Activity.
Repeat the lines of the data that follow, please, starting at the first and stopping after the one with "Image titled Buddy".

Data excerpts
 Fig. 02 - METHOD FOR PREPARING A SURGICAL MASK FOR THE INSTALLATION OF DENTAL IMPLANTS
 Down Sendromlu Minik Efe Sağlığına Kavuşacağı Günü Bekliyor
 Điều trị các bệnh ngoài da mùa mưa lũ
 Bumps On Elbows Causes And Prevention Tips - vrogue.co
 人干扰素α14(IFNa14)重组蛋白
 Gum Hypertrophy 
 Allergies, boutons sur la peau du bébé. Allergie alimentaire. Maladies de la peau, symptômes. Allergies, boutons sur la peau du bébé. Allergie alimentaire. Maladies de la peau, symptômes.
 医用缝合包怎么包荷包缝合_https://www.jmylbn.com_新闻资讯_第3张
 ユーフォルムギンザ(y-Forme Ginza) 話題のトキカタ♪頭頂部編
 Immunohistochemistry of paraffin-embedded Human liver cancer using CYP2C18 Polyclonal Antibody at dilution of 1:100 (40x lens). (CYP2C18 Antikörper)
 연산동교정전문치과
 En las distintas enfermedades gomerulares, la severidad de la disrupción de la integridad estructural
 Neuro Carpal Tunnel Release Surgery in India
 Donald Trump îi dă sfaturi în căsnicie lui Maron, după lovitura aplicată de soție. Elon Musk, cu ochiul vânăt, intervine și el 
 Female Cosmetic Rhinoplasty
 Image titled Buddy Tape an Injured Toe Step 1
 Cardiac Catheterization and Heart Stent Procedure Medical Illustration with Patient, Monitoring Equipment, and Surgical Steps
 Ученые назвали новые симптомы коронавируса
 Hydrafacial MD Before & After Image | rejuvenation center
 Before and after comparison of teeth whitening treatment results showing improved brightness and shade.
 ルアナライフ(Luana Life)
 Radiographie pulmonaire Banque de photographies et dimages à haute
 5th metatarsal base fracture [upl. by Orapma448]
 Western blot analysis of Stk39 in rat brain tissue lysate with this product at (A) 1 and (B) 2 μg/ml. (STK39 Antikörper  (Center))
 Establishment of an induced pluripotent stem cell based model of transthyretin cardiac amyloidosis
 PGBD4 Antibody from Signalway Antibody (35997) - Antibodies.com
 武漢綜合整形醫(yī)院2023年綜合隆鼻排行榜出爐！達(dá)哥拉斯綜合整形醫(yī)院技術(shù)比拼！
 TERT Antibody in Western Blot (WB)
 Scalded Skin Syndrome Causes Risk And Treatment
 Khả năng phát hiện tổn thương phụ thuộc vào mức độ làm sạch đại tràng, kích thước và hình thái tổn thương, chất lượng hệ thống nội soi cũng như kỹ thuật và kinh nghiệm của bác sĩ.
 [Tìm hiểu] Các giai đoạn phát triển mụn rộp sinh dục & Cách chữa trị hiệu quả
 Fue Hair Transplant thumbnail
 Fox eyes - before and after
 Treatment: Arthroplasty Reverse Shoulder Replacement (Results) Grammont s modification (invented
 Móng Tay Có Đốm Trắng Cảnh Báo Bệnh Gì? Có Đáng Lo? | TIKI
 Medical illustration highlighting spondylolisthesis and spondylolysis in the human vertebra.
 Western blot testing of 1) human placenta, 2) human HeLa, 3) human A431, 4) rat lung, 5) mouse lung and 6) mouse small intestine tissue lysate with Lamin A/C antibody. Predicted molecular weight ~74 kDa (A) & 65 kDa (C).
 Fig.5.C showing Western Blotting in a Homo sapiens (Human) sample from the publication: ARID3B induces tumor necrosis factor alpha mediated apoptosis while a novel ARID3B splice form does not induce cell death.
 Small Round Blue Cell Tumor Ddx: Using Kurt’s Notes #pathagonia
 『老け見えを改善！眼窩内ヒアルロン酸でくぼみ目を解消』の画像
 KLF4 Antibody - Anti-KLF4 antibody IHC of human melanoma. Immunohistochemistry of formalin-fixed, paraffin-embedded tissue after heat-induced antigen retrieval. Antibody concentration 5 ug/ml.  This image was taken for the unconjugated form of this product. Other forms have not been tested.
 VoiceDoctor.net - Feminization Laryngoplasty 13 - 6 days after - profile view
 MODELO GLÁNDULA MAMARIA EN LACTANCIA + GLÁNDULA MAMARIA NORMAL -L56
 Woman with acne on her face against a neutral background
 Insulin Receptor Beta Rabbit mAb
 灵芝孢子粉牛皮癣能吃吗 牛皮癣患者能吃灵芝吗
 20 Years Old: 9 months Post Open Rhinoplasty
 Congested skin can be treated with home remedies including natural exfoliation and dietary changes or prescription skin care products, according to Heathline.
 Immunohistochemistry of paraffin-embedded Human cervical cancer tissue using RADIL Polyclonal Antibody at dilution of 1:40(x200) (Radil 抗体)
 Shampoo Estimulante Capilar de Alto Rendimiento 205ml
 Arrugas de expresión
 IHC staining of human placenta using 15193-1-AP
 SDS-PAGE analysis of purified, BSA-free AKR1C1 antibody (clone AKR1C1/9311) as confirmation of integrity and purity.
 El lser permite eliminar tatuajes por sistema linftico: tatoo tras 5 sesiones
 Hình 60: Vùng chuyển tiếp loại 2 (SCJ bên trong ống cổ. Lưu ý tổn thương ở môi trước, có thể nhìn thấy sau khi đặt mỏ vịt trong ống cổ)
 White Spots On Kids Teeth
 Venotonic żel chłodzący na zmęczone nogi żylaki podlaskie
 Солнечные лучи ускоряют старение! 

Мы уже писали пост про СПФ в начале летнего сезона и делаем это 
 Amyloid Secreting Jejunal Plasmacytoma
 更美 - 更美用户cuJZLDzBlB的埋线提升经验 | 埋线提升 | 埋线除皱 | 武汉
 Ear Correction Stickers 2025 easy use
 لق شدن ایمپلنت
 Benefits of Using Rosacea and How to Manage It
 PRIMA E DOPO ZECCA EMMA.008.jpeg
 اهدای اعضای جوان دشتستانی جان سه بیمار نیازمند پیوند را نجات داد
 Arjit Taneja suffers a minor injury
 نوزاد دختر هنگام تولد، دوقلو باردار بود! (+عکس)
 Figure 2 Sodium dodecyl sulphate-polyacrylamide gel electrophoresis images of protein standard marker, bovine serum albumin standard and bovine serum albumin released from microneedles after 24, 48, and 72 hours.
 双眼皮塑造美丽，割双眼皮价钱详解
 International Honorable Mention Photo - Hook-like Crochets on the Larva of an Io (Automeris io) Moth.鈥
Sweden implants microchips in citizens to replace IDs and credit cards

Task answer.
 Fig. 02 - METHOD FOR PREPARING A SURGICAL MASK FOR THE INSTALLATION OF DENTAL IMPLANTS
 Down Sendromlu Minik Efe Sağlığına Kavuşacağı Günü Bekliyor
 Điều trị các bệnh ngoài da mùa mưa lũ
 Bumps On Elbows Causes And Prevention Tips - vrogue.co
 人干扰素α14(IFNa14)重组蛋白
 Gum Hypertrophy 
 Allergies, boutons sur la peau du bébé. Allergie alimentaire. Maladies de la peau, symptômes. Allergies, boutons sur la peau du bébé. Allergie alimentaire. Maladies de la peau, symptômes.
 医用缝合包怎么包荷包缝合_https://www.jmylbn.com_新闻资讯_第3张
 ユーフォルムギンザ(y-Forme Ginza) 話題のトキカタ♪頭頂部編
 Immunohistochemistry of paraffin-embedded Human liver cancer using CYP2C18 Polyclonal Antibody at dilution of 1:100 (40x lens). (CYP2C18 Antikörper)
 연산동교정전문치과
 En las distintas enfermedades gomerulares, la severidad de la disrupción de la integridad estructural
 Neuro Carpal Tunnel Release Surgery in India
 Donald Trump îi dă sfaturi în căsnicie lui Maron, după lovitura aplicată de soție. Elon Musk, cu ochiul vânăt, intervine și el 
 Female Cosmetic Rhinoplasty
 Image titled Buddy Tape an Injured Toe Step 1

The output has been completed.